Mesmo com esse fluxo intenso de recursos para os planos com renda variável, Edson Franco, diretor-presidente da Real Tokio Marine Vida e Previdência, diz que ainda é pequeno o volume da previdência aberta efetivamente aplicado na bolsa. No mercado, há uma proporção de cerca de 80% do patrimônio total investido em planos exclusivamente de renda fixa. Dos 20% que permitem aplicar em renda variável, há o limite legal de 49% do patrimônio do fundo em ações a ser respeitado. O que faz com que apenas cerca de 10% do patrimônio total de R$ 130 bilhões nesses planos esteja em ações. Os participantes ainda estão, portanto, pouco expostos a riscos, diz. "Estamos vivendo um momento em que eles estão revendo suas estratégias e montando posições de renda variável."

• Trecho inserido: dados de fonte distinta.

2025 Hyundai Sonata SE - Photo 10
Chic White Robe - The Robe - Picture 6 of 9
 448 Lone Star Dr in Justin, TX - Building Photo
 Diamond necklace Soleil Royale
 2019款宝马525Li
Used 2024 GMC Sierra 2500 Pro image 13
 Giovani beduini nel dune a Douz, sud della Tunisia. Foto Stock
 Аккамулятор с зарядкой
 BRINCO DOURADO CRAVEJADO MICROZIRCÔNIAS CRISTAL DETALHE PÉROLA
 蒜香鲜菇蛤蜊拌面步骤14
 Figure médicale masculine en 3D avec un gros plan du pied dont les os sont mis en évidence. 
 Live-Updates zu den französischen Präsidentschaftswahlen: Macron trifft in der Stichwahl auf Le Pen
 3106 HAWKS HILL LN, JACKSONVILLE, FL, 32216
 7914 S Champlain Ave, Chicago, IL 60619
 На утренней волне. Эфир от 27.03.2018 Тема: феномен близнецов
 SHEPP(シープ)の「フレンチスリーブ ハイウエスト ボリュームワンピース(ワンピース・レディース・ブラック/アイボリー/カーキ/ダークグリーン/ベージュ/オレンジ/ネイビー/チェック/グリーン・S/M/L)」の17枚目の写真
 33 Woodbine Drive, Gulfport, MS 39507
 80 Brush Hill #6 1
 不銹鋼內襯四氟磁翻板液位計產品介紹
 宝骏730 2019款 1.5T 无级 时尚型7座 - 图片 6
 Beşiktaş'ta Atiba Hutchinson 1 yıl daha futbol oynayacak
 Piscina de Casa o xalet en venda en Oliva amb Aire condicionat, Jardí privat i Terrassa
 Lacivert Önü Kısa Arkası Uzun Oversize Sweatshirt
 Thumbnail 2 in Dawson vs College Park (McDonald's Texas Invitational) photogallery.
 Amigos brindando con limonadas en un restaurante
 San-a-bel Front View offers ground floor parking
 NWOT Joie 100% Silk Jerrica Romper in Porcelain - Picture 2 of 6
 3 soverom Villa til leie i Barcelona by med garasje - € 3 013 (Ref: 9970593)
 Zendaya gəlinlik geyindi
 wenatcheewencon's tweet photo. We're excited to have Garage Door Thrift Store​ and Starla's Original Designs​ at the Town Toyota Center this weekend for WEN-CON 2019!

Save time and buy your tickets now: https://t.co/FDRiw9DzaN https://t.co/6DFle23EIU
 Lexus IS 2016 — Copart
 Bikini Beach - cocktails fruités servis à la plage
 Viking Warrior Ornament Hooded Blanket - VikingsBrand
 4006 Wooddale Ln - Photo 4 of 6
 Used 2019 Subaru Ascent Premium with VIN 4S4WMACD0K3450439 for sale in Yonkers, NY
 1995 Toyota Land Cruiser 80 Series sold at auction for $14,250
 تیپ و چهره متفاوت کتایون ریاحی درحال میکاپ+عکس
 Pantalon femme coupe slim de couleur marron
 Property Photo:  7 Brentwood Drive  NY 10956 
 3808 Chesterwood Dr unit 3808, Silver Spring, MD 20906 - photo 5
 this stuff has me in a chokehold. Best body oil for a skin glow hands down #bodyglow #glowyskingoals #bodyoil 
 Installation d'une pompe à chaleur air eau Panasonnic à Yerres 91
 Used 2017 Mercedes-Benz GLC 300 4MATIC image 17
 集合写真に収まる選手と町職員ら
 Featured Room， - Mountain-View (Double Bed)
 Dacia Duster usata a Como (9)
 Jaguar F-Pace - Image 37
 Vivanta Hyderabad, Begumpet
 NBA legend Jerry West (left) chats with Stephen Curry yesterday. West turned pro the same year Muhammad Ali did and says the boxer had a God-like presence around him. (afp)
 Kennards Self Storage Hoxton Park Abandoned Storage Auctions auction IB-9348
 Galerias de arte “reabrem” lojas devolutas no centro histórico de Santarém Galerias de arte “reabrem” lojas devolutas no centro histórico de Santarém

Também é fato que os participantes não se assustaram tanto com os momentos de crise e volatilidade das ações, diz Franco, da Real Tokio Marine. "O aplicador olha mais para o longo prazo mesmo, diferentemente do investidor de fundo de curto prazo."

Mariano Mesquita Cirello, superintendente de investimento da Mapfre DTVM, diz que o investidor de longo prazo é mais paciente com o resultado das ações. Ele comenta que, entre os planos da Mapfre Seguros com renda variável, foram aqueles mais agressivos os que mais captaram nos últimos meses. Ele explica que, pelo limite de 49% a ser respeitado na gestão desses recursos, o impacto da turbulência no curto prazo é menor. "Os fundos de investimento sofrem mais", diz.

Em termos de rentabilidade, em média, os multimercado tiveram prejuízo de 2,86% em janeiro, segundo o Fortuna, e os balanceados, de 1,18%. Já os planos de renda fixa ganharam 0,96%. Em 12 meses, os planos de renda fixa rendem 11,28%, enquanto os balanceados avançam 13,56% e os multimercados, 15,19%.

A idade das carteiras também joga contra a captação líquida dos planos com renda fixa em comparação com os balanceados e multimercados. Como antes praticamente só se aplicava em planos DI ou renda fixa, essas carteiras estão mais velhas, e alguns aplicadores estão próximos da data de resgates, sem grande apetite por correr mais riscos, explica Franco. Já os planos com ações estão apenas começando a receber dinheiro de aplicadores.